The tax implications of investing for your children

investing for your childrenInvesting for your children is a generous act of foresight and certainly opens up future opportunities for them. However, you need to be aware of the tax implications of investing money on behalf of your children.

This is the view of Carla Rossouw, tax specialist at Allan Gray, who says that when investing money in the names of your children under the age of 18, the income and capital gains from those investments must be included on your own tax return.

“If you donate money to your children or transfer an investment to them, the income is taxed in your hands for as long as your children are still minors. This includes stepchildren and adopted children,” says Rossouw.

She explains that it is not the donated amount itself, or the value of the unit trust investment, that must be included in your income, but rather the income resulting from the donation, that is, the dividends and interest.

“If you later cash in the unit trust at a capital gain, this amount must also be included in your capital gains tax calculation.”

While parents and guardians are allowed an annual donations tax exemption of R100 000, Rossouw says that they will be liable for donations tax at a rate of 20% of the donated amount, if they donate in excess of this amount. Donations tax must be paid within three months of making the donation.

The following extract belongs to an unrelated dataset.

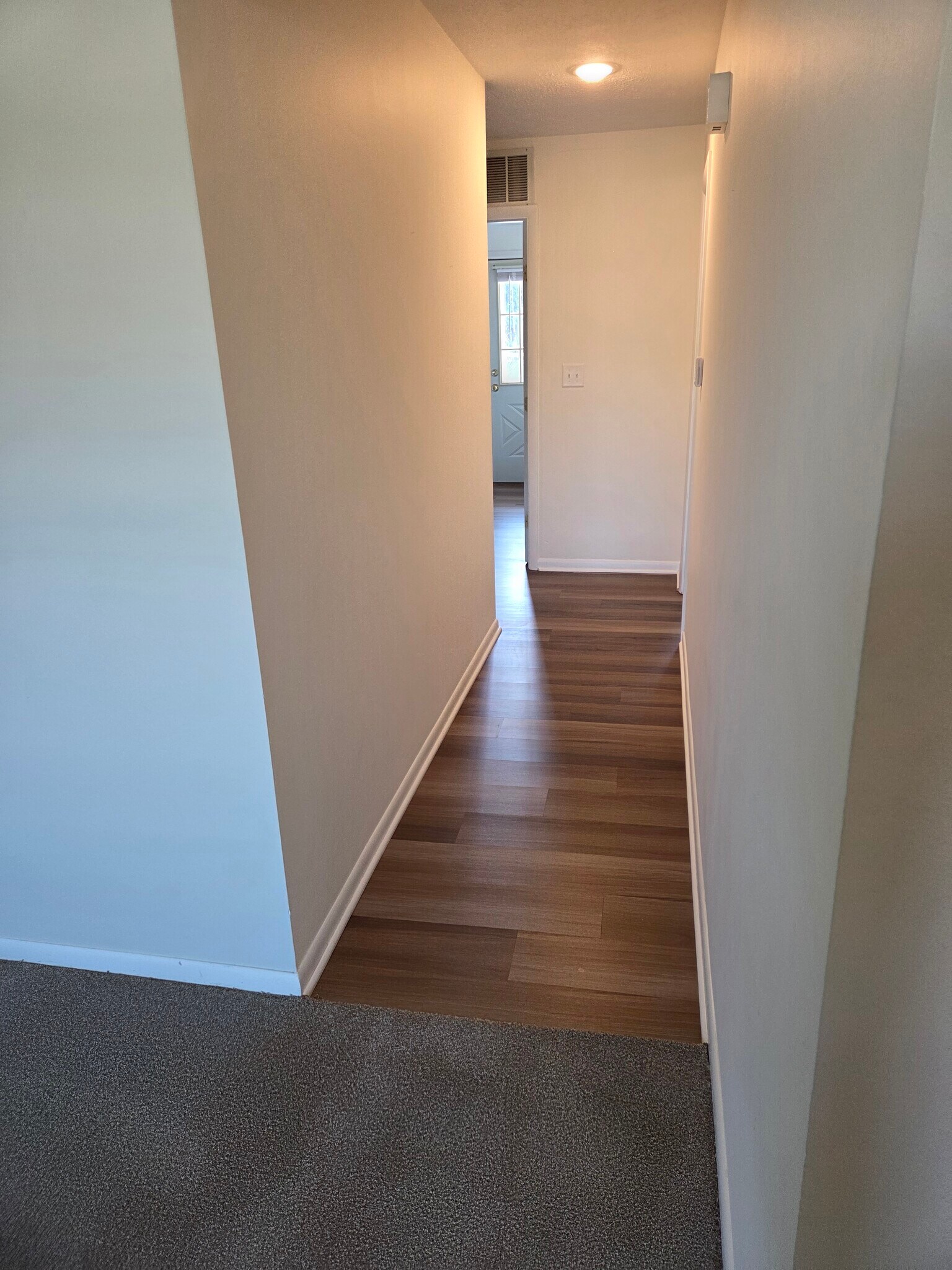 Building Photo - 858 Sussex Pl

If a minor receives a donation or lump sum from a person other than a parent, then the tax situation is different.

“Minors are liable for the tax on any income generated from money they inherit or receive as a gift from anyone other than their parents, including grandparents. This means that the minor is liable for any tax on interest, dividends and capital gains, if applicable” she says.

Rossouw explains that if your minor children’s taxable income is sufficient to make them liable for tax, you must register them for income tax and submit a return on their behalf. However, a return is not required if your minor child does not have any tax deductions to claim and their gross income consists solely of South African-sourced income not exceeding R23 800.

In the case of withholding tax on interest and dividends, the company that actually pays the interest or dividends will deduct the relevant tax and pay it to the South African Revenue Service (SARS). This means that even if a minor is not registered as a taxpayer, any applicable amounts will be deducted from the interest and dividends before the balance is paid out to the child.

“However, once your children turn 18, they are legally responsible for their investments. When this happens, parents need to be aware that they lose transactional rights over any investments made in the name of their offspring.”

Rossouw says that the only way parents can retain rights to investments made in the name of their children is to act before their 18th birthday.

“Depending on the type of investment, parents can either transfer the money into their own names, or make a full withdrawal. However, both these options can incur capital gains tax.”

She says that administrative practices vary between investment managers. At Allan Gray, if children want a parent to continue managing the investment on their behalf, they will have to give written authorisation to the investment manager, giving a parent permission to act on their behalf.

“It is also important to note that, as a parent, you won’t be liable to pay tax on any income and capital gains tax on investments made in the name of your children once they turn 18. At 18 they are an adult in the eyes of South African law and their taxes become their own responsibility, meaning they will need to complete their own tax returns,” concludes Rossouw.